## [Exercise brief]
The copy must match the data word for word and contain no pictures.

Start of Available records

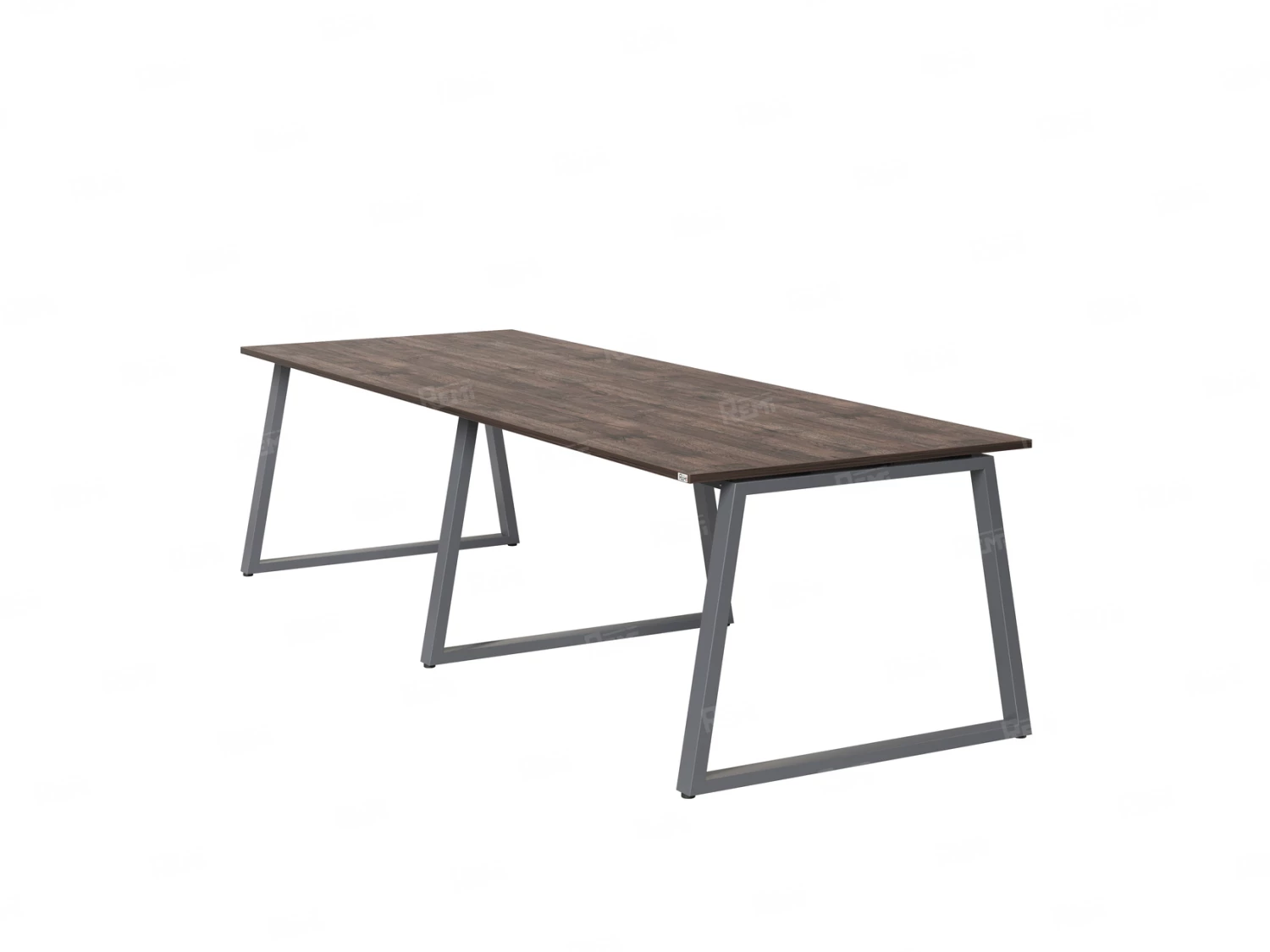 Cтол для переговоров, на A-обазном каркасе 2300x1200x750 RM083-230x120 Дуб Апрельский шоколад/Серый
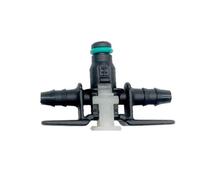 Fuel Injectors Replacement 10PCS Automobile Fuel Pipe Joint Adapters Fit for Bosch Injector Three-Way Two-Way Return Quick Plug Injection Nozzles(Three Ways)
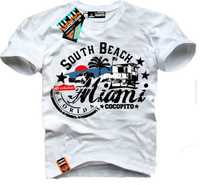 Miami South Beach Cocopito Wear 6 rozmiarów męska koszulka Wakacje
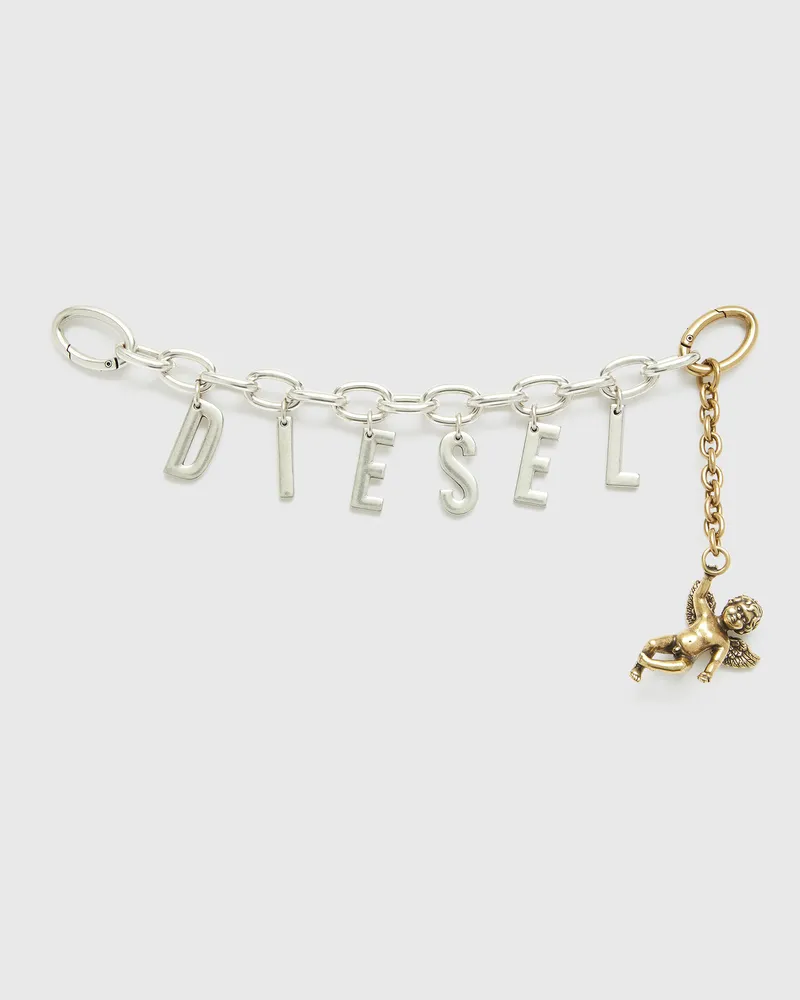 Diesel Metallbuchstaben-Anhänger mit Engelmotiv - Charms und Schlüsselanhänger - Damen - Silber Silber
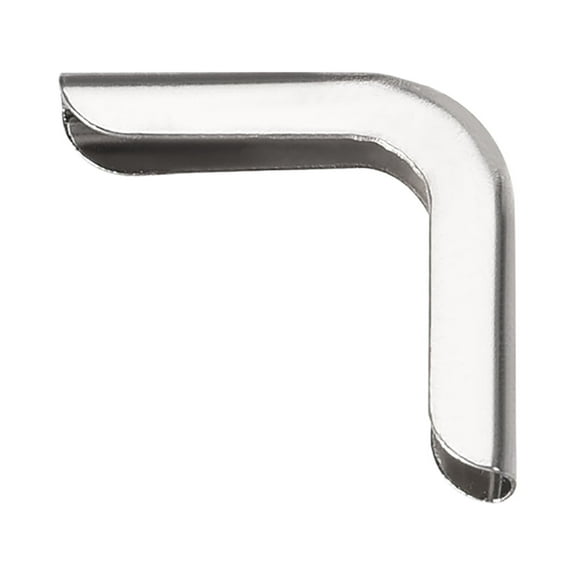 Unique Bargains Metal Book Corner Protectors Edge Cover Guard 0.63" x 0.63" x 0.12" Silver Tone 30Pcs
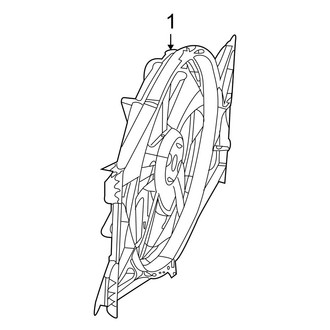 Dodge OE - Cooling Fan (Electric, Fan), (3.7L)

End of Available records

## [Task output]
 Cтол для переговоров, на A-обазном каркасе 2300x1200x750 RM083-230x120 Дуб Апрельский шоколад/Серый
 Fuel Injectors Replacement 10PCS Automobile Fuel Pipe Joint Adapters Fit for Bosch Injector Three-Way Two-Way Return Quick Plug Injection Nozzles(Three Ways)
 Miami South Beach Cocopito Wear 6 rozmiarów męska koszulka Wakacje
 Diesel Metallbuchstaben-Anhänger mit Engelmotiv - Charms und Schlüsselanhänger - Damen - Silber Silber
 Unique Bargains Metal Book Corner Protectors Edge Cover Guard 0.63" x 0.63" x 0.12" Silver Tone 30Pcs
 Dodge OE - Cooling Fan (Electric, Fan), (3.7L)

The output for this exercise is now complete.